Le délai pour obtenir le financement de la vente

Deux jeunes indépendants acquièrent un immeuble sous la condition suspensive d’obtenir un prêt hypothécaire.

La clause du compromis est sévère.

Il est prévu que l’acheteur doit notifier par lettre recommandée le refus de trois banques dans un délai de quinze jours pour que la vente soit résolue par l’effet de la condition.

À défaut, la vente est réputée parfaite.

Ce genre de clause est malheureusement encore trop fréquente.

C’étaient les vacances et finalement, trois semaines ne représentent que 12 jours ouvrables, en période de congé.

Nos deux jeunes indépendants ne disposaient donc que de fort peu de temps pour prendre rendez-vous et accomplir toutes les formalités requises auprès de trois banques.

Malgré leurs efforts, ils ne parvinrent pas à satisfaire les sévères modalités de la condition de financement.

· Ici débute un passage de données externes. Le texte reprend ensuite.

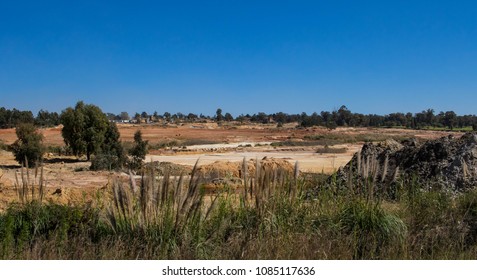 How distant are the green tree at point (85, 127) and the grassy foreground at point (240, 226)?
113 ft

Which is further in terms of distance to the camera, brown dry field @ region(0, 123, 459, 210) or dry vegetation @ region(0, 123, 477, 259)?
brown dry field @ region(0, 123, 459, 210)

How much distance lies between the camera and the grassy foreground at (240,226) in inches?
224

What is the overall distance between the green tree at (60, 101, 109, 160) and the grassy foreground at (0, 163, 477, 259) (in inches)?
1351

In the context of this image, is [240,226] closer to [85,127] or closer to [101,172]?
[101,172]

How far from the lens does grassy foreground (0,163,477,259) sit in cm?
569

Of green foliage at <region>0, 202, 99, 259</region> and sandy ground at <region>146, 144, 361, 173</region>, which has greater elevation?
green foliage at <region>0, 202, 99, 259</region>

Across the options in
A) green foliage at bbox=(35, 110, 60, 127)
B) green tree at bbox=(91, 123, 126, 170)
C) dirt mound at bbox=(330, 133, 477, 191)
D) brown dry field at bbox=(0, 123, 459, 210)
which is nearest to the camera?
dirt mound at bbox=(330, 133, 477, 191)

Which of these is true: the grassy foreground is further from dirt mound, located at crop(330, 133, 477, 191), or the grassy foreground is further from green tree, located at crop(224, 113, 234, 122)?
green tree, located at crop(224, 113, 234, 122)

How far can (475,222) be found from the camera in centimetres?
682

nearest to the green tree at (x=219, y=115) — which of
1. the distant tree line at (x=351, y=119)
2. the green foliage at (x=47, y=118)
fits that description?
the distant tree line at (x=351, y=119)

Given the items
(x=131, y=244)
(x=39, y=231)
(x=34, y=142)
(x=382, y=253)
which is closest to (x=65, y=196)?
(x=39, y=231)

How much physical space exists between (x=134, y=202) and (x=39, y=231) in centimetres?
142

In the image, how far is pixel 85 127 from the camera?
134ft

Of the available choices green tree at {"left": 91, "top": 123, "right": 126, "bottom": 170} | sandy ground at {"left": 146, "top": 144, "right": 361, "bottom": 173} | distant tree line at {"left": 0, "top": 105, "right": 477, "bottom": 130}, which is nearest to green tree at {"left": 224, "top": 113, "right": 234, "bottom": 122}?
distant tree line at {"left": 0, "top": 105, "right": 477, "bottom": 130}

Ils s’exposaient alors à la sanction de ce que la vente soit réputée réalisée, à un moment où par hypothèse, ils ne pouvaient pas l’exécuter faute de financement.

Le vendeur se réjouissait de faire résoudre la vente pour demander la pénalité forfaitaire de 10 % du prix.

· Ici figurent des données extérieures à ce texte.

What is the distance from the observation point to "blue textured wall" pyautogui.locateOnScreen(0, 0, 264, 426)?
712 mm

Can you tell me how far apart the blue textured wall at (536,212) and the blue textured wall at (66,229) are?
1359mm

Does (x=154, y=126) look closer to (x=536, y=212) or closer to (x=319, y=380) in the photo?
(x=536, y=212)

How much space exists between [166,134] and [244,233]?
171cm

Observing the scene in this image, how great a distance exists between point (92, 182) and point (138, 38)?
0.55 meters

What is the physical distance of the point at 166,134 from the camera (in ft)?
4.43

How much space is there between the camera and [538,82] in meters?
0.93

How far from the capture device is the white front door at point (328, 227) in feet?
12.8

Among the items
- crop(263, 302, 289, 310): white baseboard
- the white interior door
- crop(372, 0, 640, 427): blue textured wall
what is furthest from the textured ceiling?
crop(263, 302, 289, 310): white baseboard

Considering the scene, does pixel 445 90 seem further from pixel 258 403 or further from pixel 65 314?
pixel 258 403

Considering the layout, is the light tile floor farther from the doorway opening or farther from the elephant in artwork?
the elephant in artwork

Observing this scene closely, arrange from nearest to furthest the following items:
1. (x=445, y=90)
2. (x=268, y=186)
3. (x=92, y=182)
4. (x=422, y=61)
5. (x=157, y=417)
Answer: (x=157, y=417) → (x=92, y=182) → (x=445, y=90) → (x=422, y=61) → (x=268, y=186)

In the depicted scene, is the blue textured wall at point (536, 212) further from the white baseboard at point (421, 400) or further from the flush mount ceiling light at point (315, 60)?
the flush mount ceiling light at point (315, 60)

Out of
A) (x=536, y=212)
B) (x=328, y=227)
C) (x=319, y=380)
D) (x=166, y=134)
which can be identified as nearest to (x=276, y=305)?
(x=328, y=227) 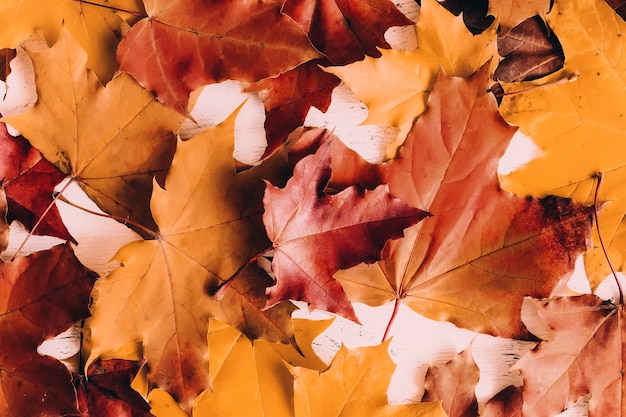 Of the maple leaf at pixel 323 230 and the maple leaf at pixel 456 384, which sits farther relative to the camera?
the maple leaf at pixel 456 384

Cette condition était impossible à respecter, plaidaient les acheteurs.

Ils invoquaient l’article 1172 du Code civil qui dispose : « toute condition d’une chose impossible, (…), est nulle, et rend nulle la convention qui en dépend. »

La vente est donc nulle et le vendeur ne peut réclamer une indemnité.

La Cour d’appel d’Anvers fit preuve de réalisme. Faisant droit au moyen des acheteur, la Cour considéra qu’effectivement la condition était impossible

Selon elle, “de in de overeenkomst door de eisers bedongen termijn duidelijk veel te kort en ‘realistisch niet haalbaar’ is”.

On aura compris, pour le juge d’appel, le délai était clairement trop court et en réalité intenable.

La Cour d’appel déclara par conséquent la vente nulle par application de l’article 1172, dès lors qu’elle était sous la condition d’une chose impossible.

Le vendeur débouté forma un pourvoi en cassation au centre duquel se situe la notion de « condition d’une chose impossible » au sens de l’article 1172 précité.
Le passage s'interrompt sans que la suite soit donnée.